#### WORK TASK:
Give back an exact copy of the listing that follows, without the pictures.

#### DATA:
◆ ◆ ◆
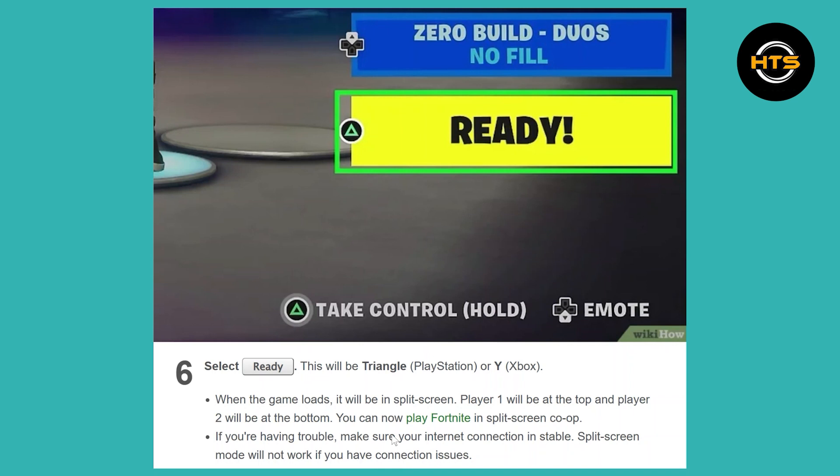Select ready — this will be triangle on PlayStation or Y on Xbox. When the game loads, it will be in split screen. Player 1 will be at the top and player 2 will be at the bottom. Now you can play Fortnite in split screen co-op.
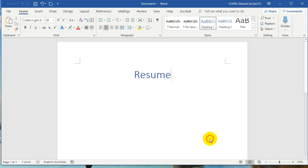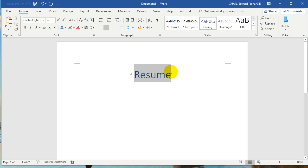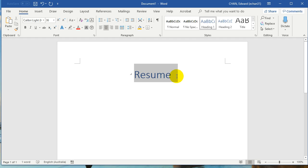So all you're going to do is highlight the text. Now here's a little trick to the highlighting. Make sure you do not highlight any of the space beyond the word. So don't highlight this little space. Just highlight to where the end of the text you want to highlight is.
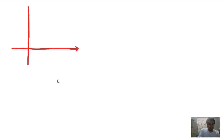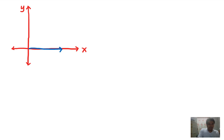We begin our discussion on trigonometric functions of angles by considering an angle in standard position. Based from our previous discussion, an angle is in standard position if our initial side is on the positive x-axis and our terminal side is somewhere else, rotated, forming an angle theta.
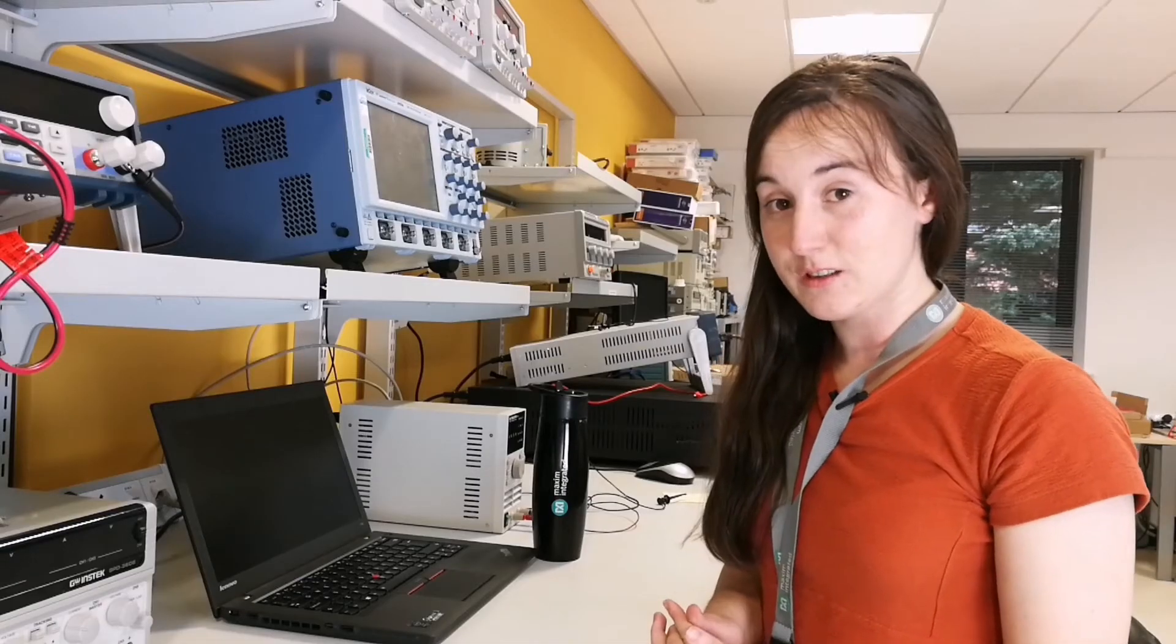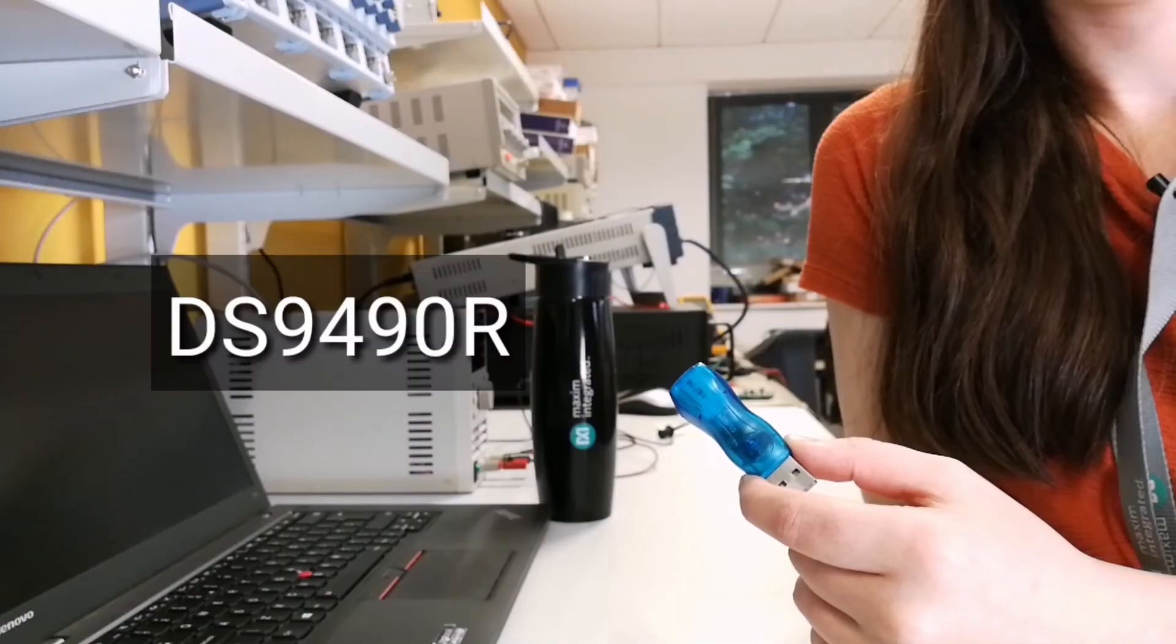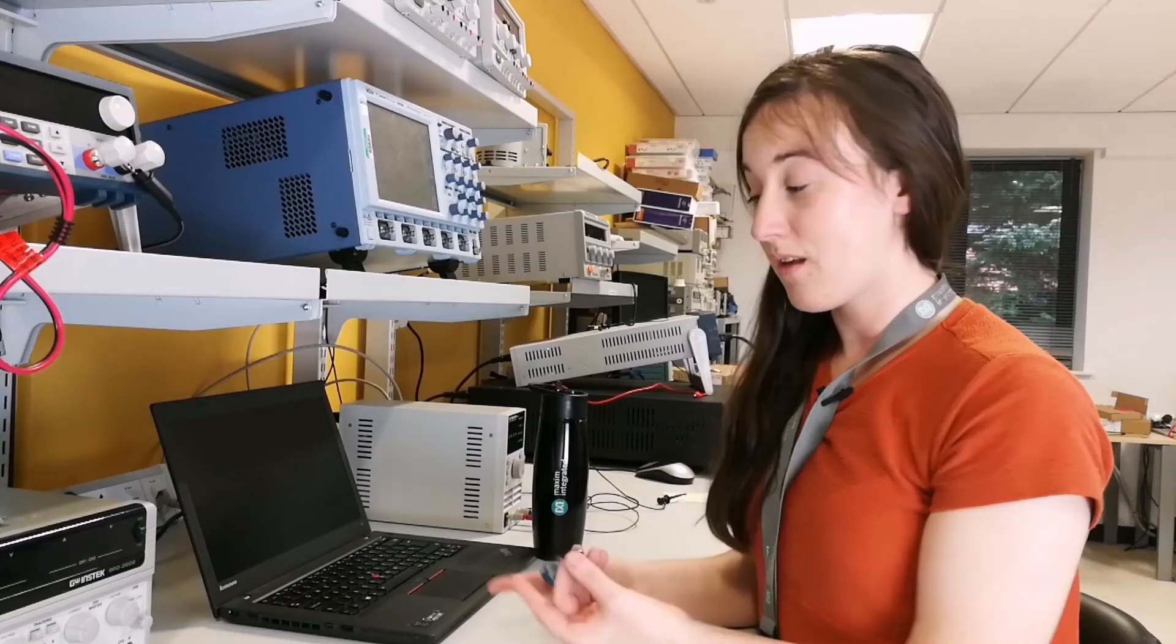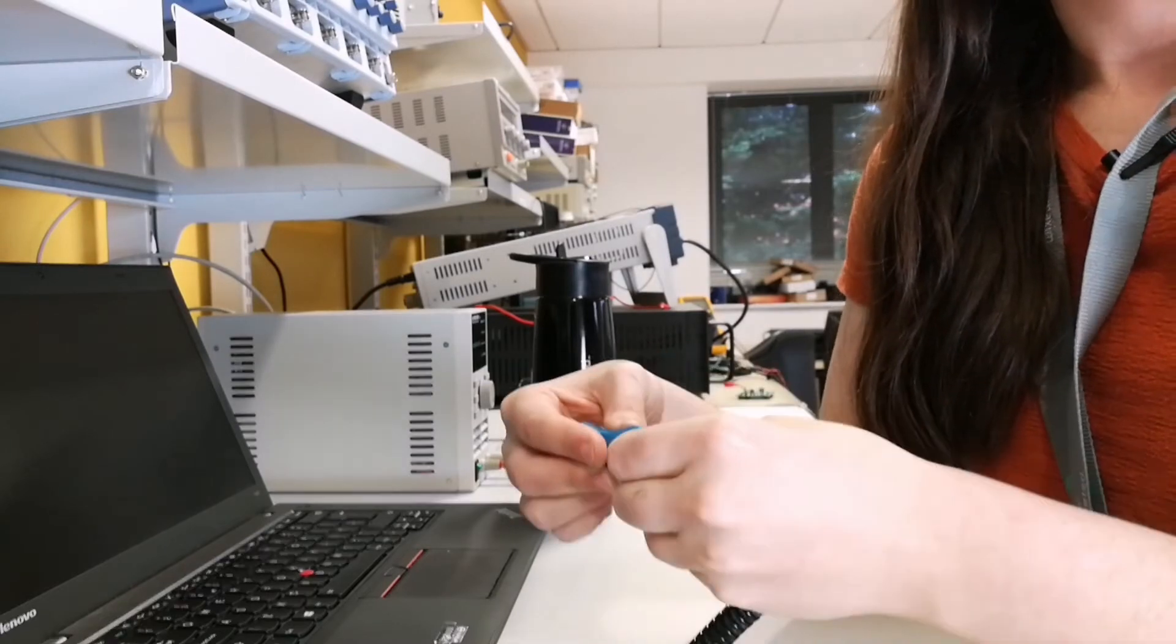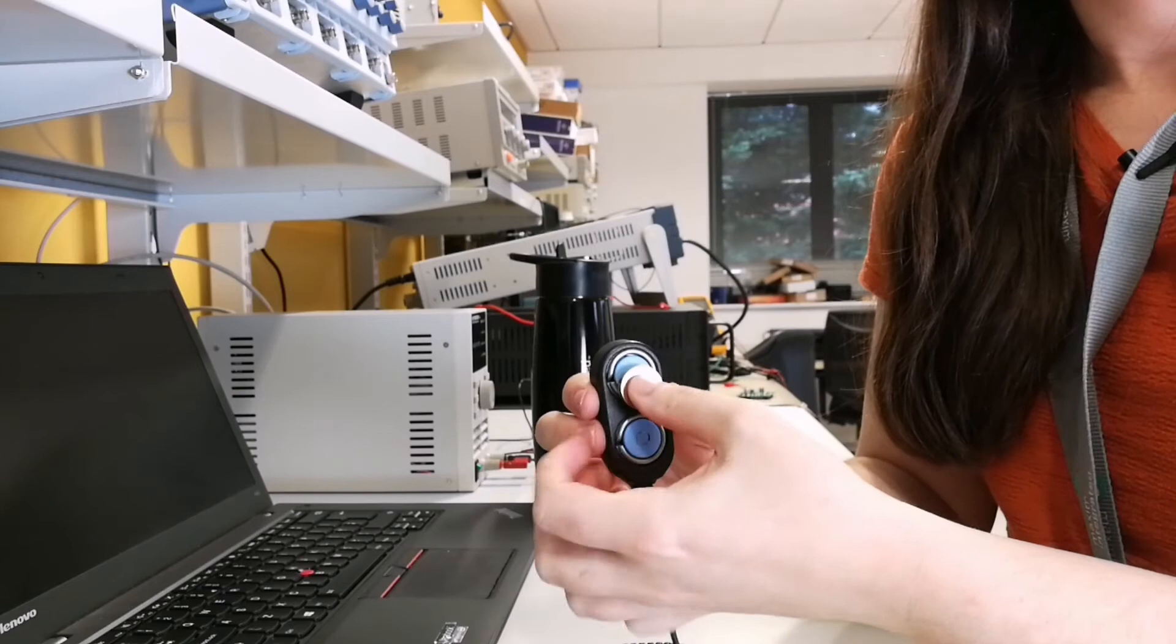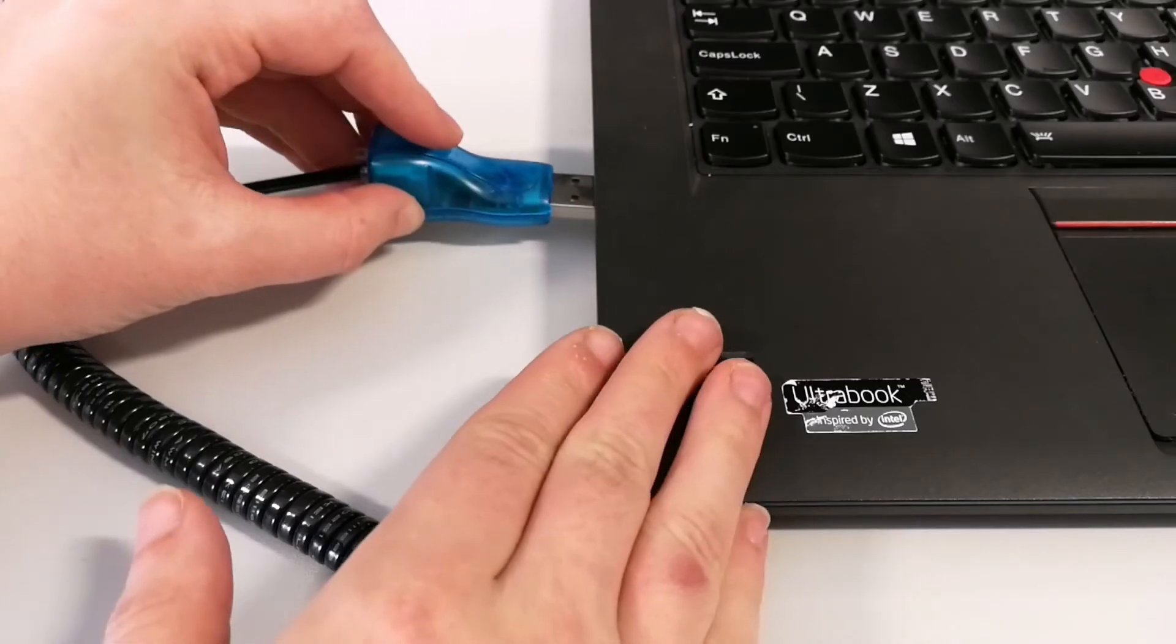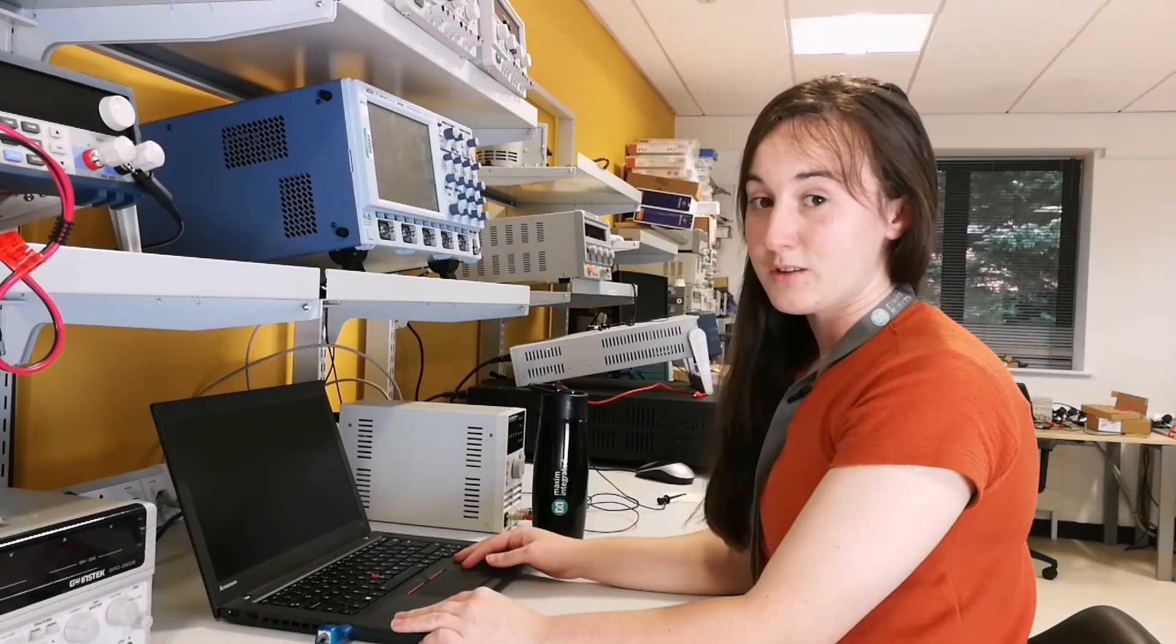As noted in the previous video, to set up an iButton with the OneWire Viewer, you need an adapter, reader, an iButton and your laptop. We connect all these together, plug into our laptop and open up the OneWire Viewer software.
◆ ◆ ◆
#### EXERCISE RESULT:
Select ready — this will be triangle on PlayStation or Y on Xbox. When the game loads, it will be in split screen. Player 1 will be at the top and player 2 will be at the bottom. Now you can play Fortnite in split screen co-op.
So all you're going to do is highlight the text. Now here's a little trick to the highlighting. Make sure you do not highlight any of the space beyond the word. So don't highlight this little space. Just highlight to where the end of the text you want to highlight is.
We begin our discussion on trigonometric functions of angles by considering an angle in standard position. Based from our previous discussion, an angle is in standard position if our initial side is on the positive x-axis and our terminal side is somewhere else, rotated, forming an angle theta.
As noted in the previous video, to set up an iButton with the OneWire Viewer, you need an adapter, reader, an iButton and your laptop. We connect all these together, plug into our laptop and open up the OneWire Viewer software.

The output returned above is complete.